Интеллигенцию охватило покаянное настроение. Малейшее переживание, самое мелкое чувство выносится наружу и по-интеллигентски превращается в огромный вопрос общественного значения. Кающийся интеллигент не новость в русской жизни. Как массовое явление он стал известен еще в восьмидесятых годах прошлого столетия, после того как попытка интеллигенции собственными силами спасти Россию кончилась неудачей1. Но в то время кающийся интеллигент не производил такого глума, как теперь. Удрученный своим поражением, он потихоньку сжигал то, чему поклонялся, покидал старых богов и шел служить новым.
Теперь не то. Нынешнее покаянное настроение, во-первых, шире, потому что предшествующий подъем охватил значительно более широкую массу интеллигенции всевозможных социальных положений, темпераментов и т. д. Во-вторых, поражение, теперь пережитое, было поражением не одной интеллигенции, а всей нации, главным образом ее демократических слоев, и на них-то интеллигенция срывает свою злобу или бросает упреки в несбывшихся мечтах. Покаяние нынче не есть смирение. Люди каются с остервенением, полные злости на кого-то, полные желания своим покаянием причинить возможно более жестокую боль этому кому-то.
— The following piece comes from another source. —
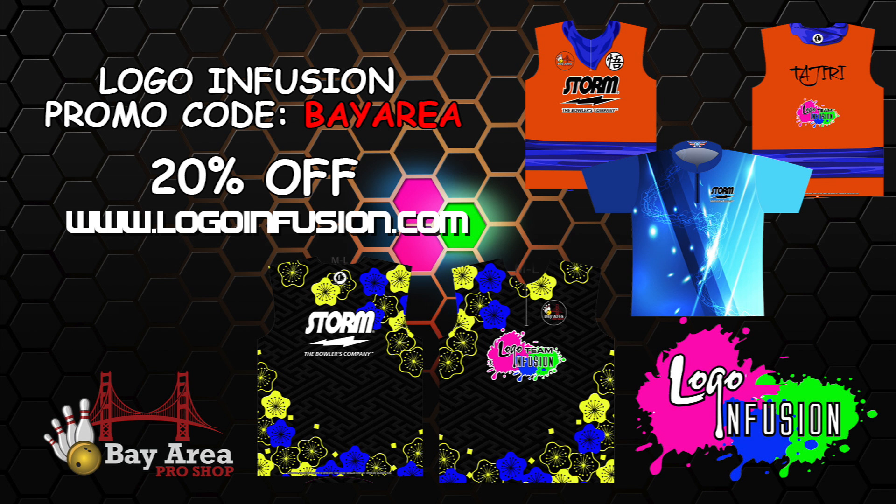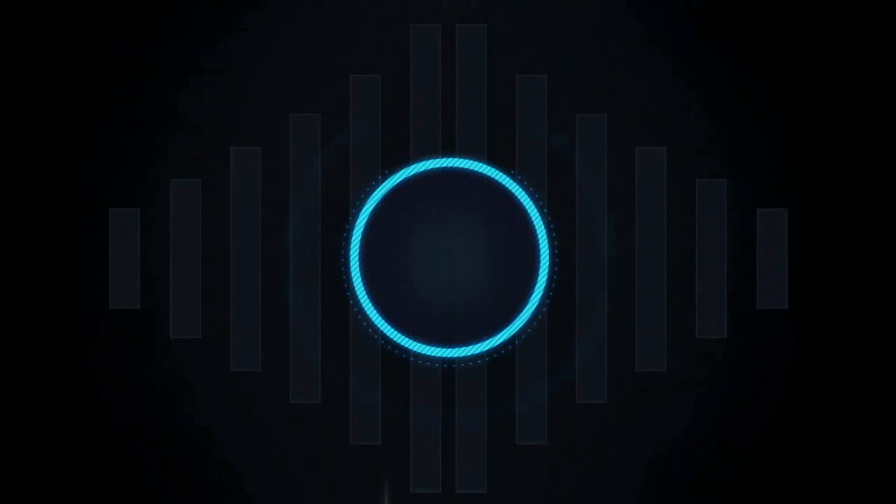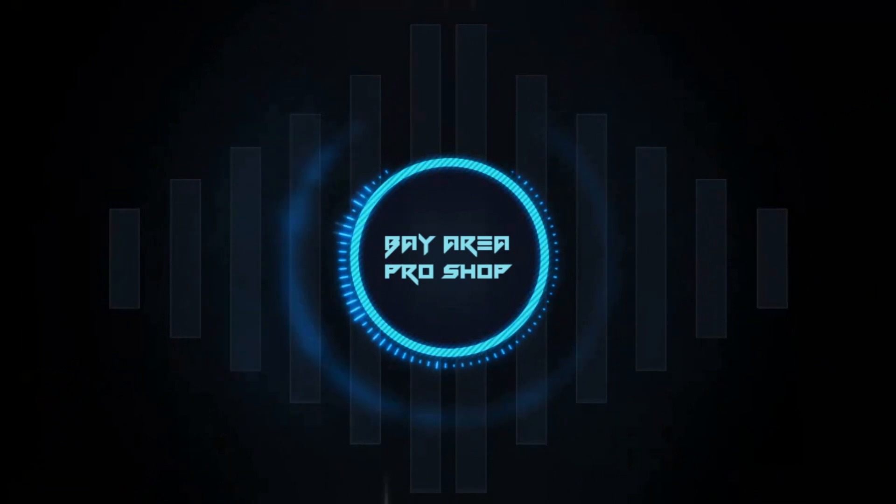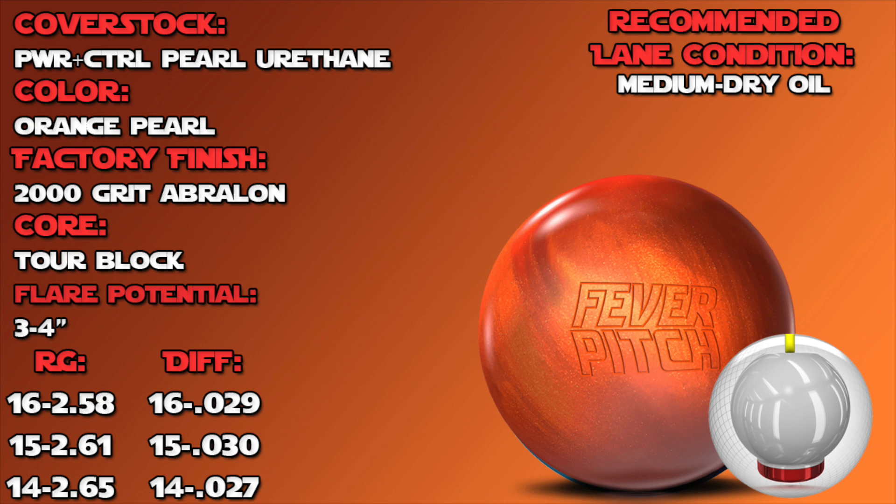Now let's check out the Fever Pitch. Josh here from Jiri's Ball Reviews, here to introduce to you the Fever Pitch.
Покаяние переходит в проповедь, полную ханжества и лицемерия и производящую отталкивающее впечатление на всех людей более или менее искренних. Конечно, индивидуальные расхождения и разногласия как в оценке прошлого, так и в прогнозе будущего имеются и тут, но фон картины один.

I

По праву первое место здесь принадлежит г. П. Струве. Он возвел покаяние в догму, в символ веры.
Когда-то П. Струве пытался дать свою ‘формулу прогресса’. ‘Признаем нашу некультурность и пойдем на выучку к капитализму’ — так гласила эта формула, которая в то время, когда она была провозглашена, была принята большинством интеллигенции без значительных возражений. Враги марксизма были тогда в меньшинстве, а те из друзей, которые возражали, видели в этой формуле, правда, неудачно выраженное, но все же достаточно ясное признание мысли Маркса об относительном превосходстве капиталистической культуры над всеми ей предшествующими.
Нынче г. Струве кается. Он опять говорит о нашей некультурности. Но что за культуру собирается он насадить среди нас! Даже почитатели г. Струве — а их у него осталось немало, — ошеломляемые каждый день новым пересмотром старых установленных понятий и формул, новым выворачиванием наизнанку своего нутра, начинают недоумевать и с сомнением взирать на головоломные скачки, проделываемые их магистратом. Вот уже несколько лет, как г. Струве пытается вложить определенное содержание в свою старую формулу.
И так велико непонимание окружающих, что ему приходится опять и опять возвращаться к излюбленной теме и дополнять ее новыми штрихами
И это неудивительно. В нынешнем покаянном настроении г. Струве приходится отказываться от многого такого, что все привыкли считать — правильно или нет — основою его миросозерцания. Правильно или нет, все видели в бывшем редакторе ‘Освобождения’ главным образом политического деятеля, понявшего значение политического освобождения для будущего России — безразлично, Великой или Малой. Теперь из ответа его г. Пешехонову мы узнаем, что ему ‘очень дороги политические принципы’, но он ‘глубоко равнодушен к политическим формам’, и что ‘незрелость и умственный фетишизм русской интеллигенции во время революции сказался именно в этом поглощающем политицизме, который на наших глазах превратился в политический Katzenjammer2 и в политическую прострацию’.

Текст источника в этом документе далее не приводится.